(Data extracted from a collection)
--- START ---

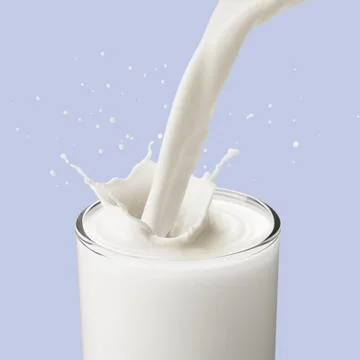 Pouring milk Stock Photos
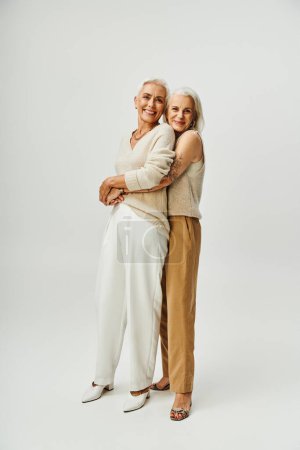 glücklich tätowierte Frau umarmt stilvolle Freundin auf grau, anmutige Alterung der älteren Modelle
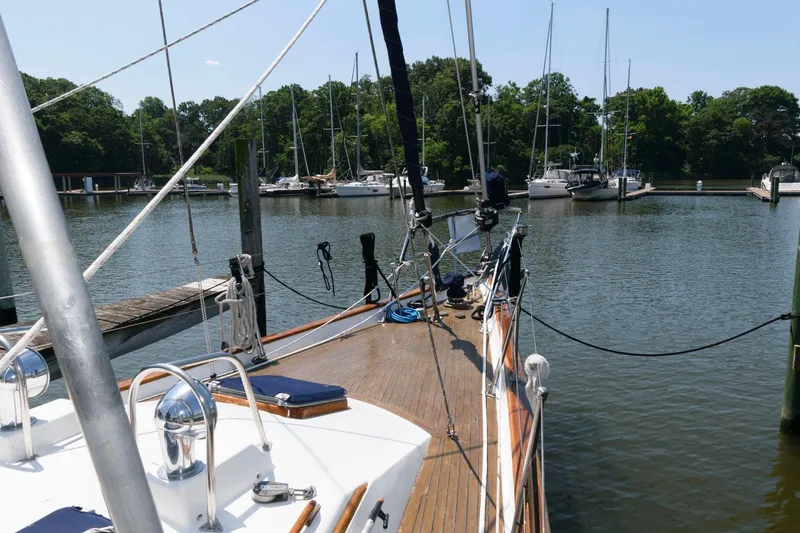 Slide: The Image of 1988 Tayana 52 sailboat docked in a serene marina with other boats. - 14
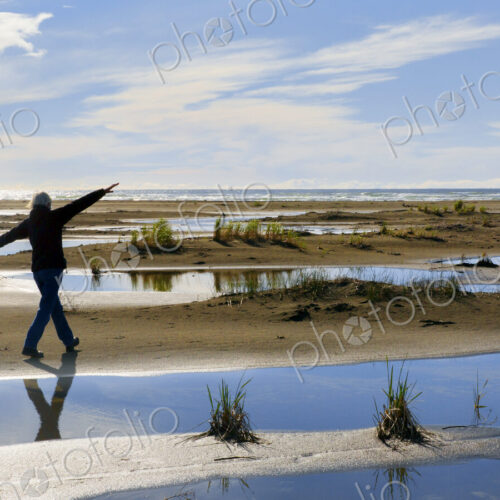 Older woman walking in marshy rural field Older woman walking in marshy rural field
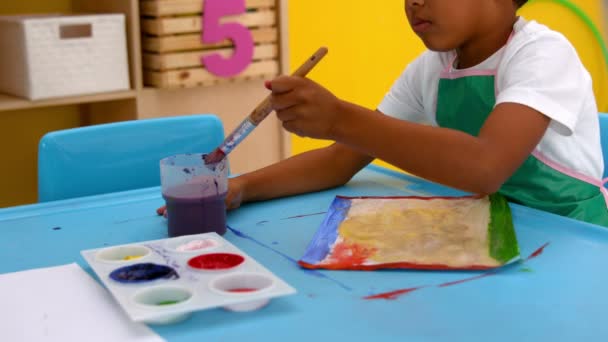 Boys painting at table in classroom — Stock Video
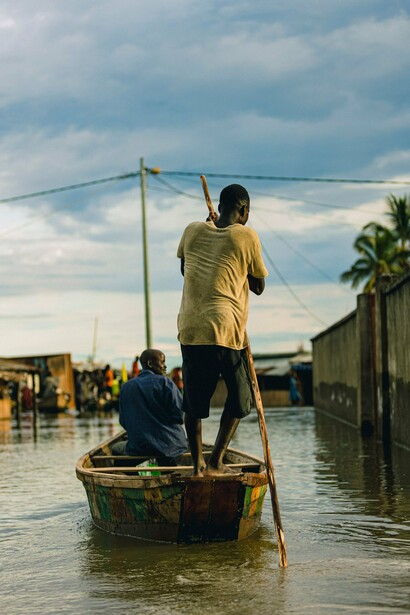 A resident transporting people through flood-affected streets, symbolising the need for stronger climate adaptation and disaster preparedness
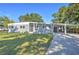 Charming mid-century modern home with a carport and manicured lawn at 106 Orange Dr, Sanford, FL 32773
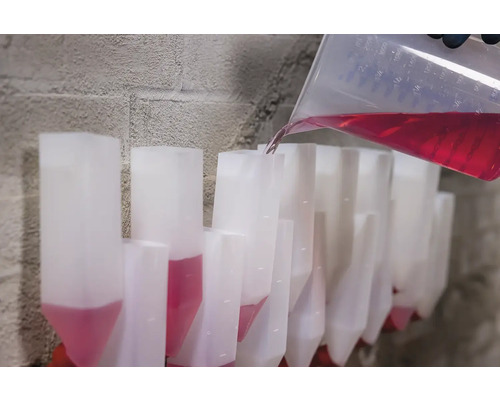 Nalievanie červenej tekutiny z odmerky do radu dávkovacích zásobníkov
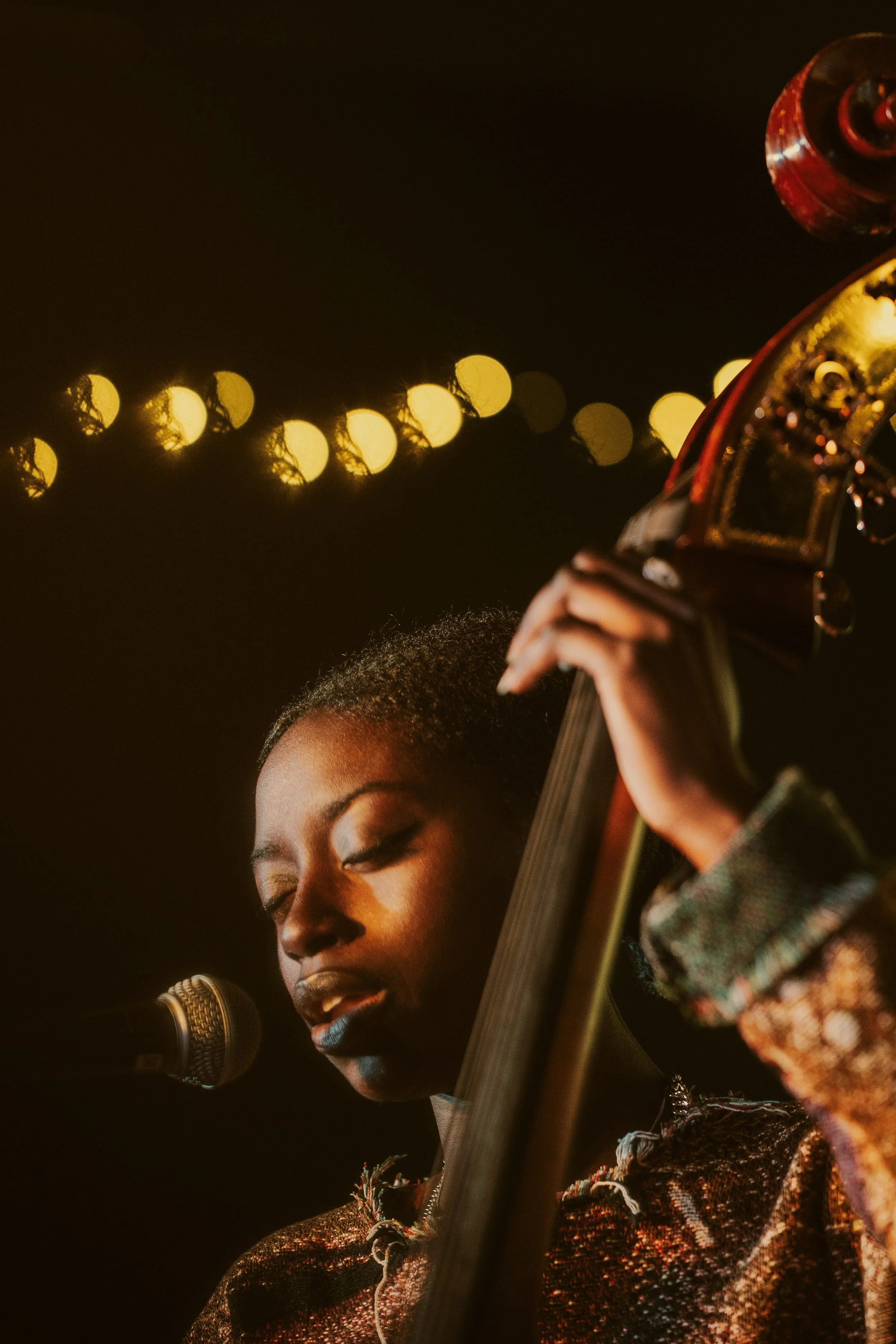 Musician playing upright bass on stage with microphone, warm lighting, close-up.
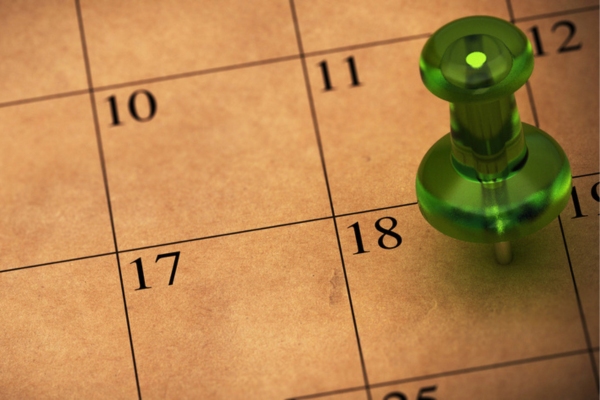 push pin on a paper calendar depicting Skipping Routine Air Conditioner Maintenance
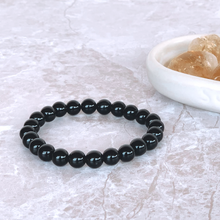Load image into Gallery viewer, The Black Obsidian bracelet with a focus on its vibrant color and unique texture.
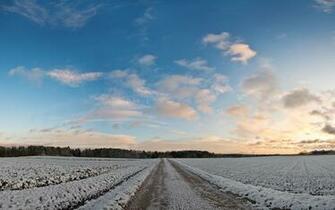 Road Throught He Snowy Field Wallpaper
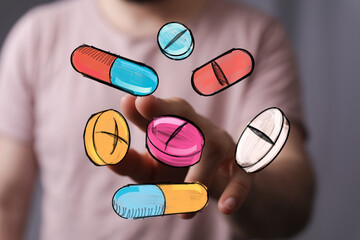 Image of hand interacting with colorful pills and capsules. Perfect for healthcare, medicine, pharmacy, and drug concepts.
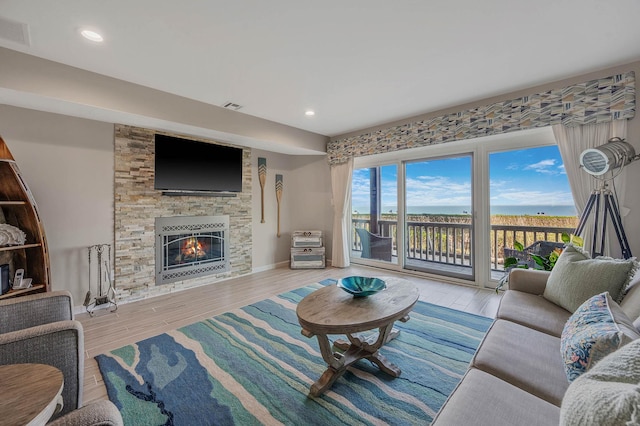 living room featuring a stone fireplace, wood finished floors, and visible vents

--- END ---

Exercise —
The answer must be an exact copy of every record above, minus the pictures.

Completed task —
 Pouring milk Stock Photos
 glücklich tätowierte Frau umarmt stilvolle Freundin auf grau, anmutige Alterung der älteren Modelle
 Slide: The Image of 1988 Tayana 52 sailboat docked in a serene marina with other boats. - 14
 Older woman walking in marshy rural field Older woman walking in marshy rural field
 Boys painting at table in classroom — Stock Video
 A resident transporting people through flood-affected streets, symbolising the need for stronger climate adaptation and disaster preparedness
 Charming mid-century modern home with a carport and manicured lawn at 106 Orange Dr, Sanford, FL 32773
 Nalievanie červenej tekutiny z odmerky do radu dávkovacích zásobníkov
 Musician playing upright bass on stage with microphone, warm lighting, close-up.
 push pin on a paper calendar depicting Skipping Routine Air Conditioner Maintenance
Load image into Gallery viewer, The Black Obsidian bracelet with a focus on its vibrant color and unique texture.
 Road Throught He Snowy Field Wallpaper
 Image of hand interacting with colorful pills and capsules. Perfect for healthcare, medicine, pharmacy, and drug concepts.
 living room featuring a stone fireplace, wood finished floors, and visible vents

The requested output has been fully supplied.